Karlheinz Meier (* 1955) received his PhD in physics in 1984 from Hamburg University in Germany. He has more than 25 years of experience in experimental particle physics with contributions to 4 major experiments at particle colliders at DESY in Hamburg and CERN in Geneva. After fellowships and scientific staff positions at CERN and DESY he was appointed full professor of physics at Heidelberg University in 1992. In Heidelberg he co-founded the Kirchhoff-Institute for Physics and a laboratory for the development of microelectronic circuits for science experiments. For the ATLAS experiment at the Large Hadron Collider (LHC) he led a 10-year effort to design and build a large-scale electronic data processing system providing on-the-fly data reduction by 3 orders of magnitude enabling among other achievements the discovery of the Higgs Boson in 2012. In particle physics he took a leading international role in shaping the future of the field as president of the European Committee for Future Accelerators (ECFA).

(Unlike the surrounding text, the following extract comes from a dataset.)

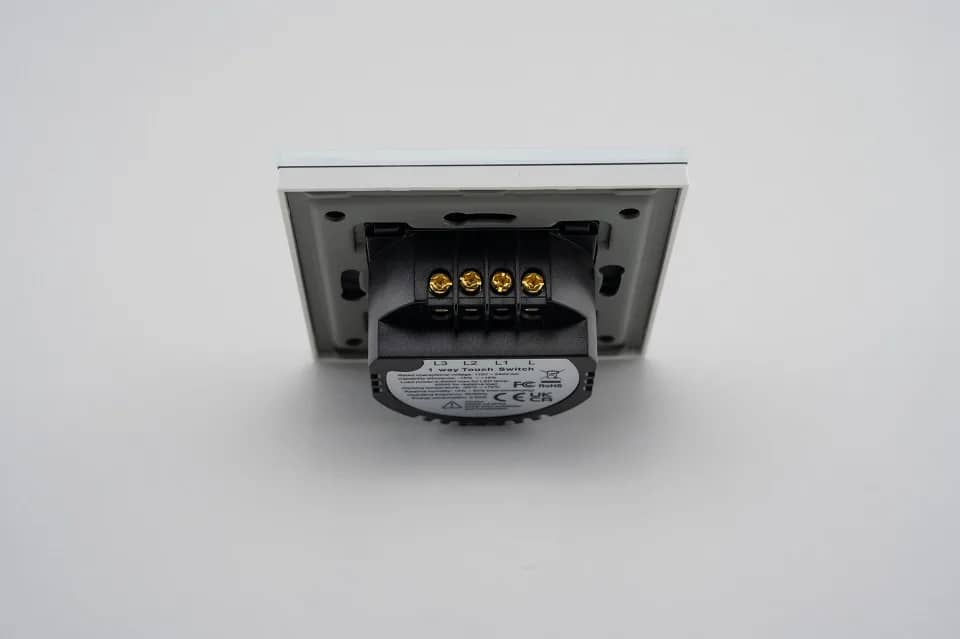 Luxion Glass Touch Light Switch – 3 Gang, 500W – Wiring Diagram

Around 2005 he gradually shifted his scientific interests towards large-scale electronic implementations of brain-inspired computer architectures. His group pioneered several innovations in the field like the conception of a platform-independent description language for neural circuits (PyNN), time-compressed mixed-signal neuromorphic computing systems and wafer-scale integration for their implementation. He led 2 major European initiatives, FACETS and BrainScaleS, that both demonstrated the rewarding Interdisciplinary collaboration of neuroscience and information science. In 2009 he was one of the initiators of the European Human Brain Project (HBP) that was approved in 2013. In the HBP he leads the subproject on neuromorphic computing with the goal of establishing brain-inspired computing paradigms as research tools for neuroscience and generic hardware systems for cognitive computing, a new way of processing and interpreting the spatio-temporal structure of large data volumes. In the HBP he is a member of the project directorate and vice-chair of the science and infrastructure board.
Karlheinz Meier engages in public dissemination of science. His YouTube channel with physics movies has received more than a Million hits and he delivers regular lectures to the public about his research and general science topics.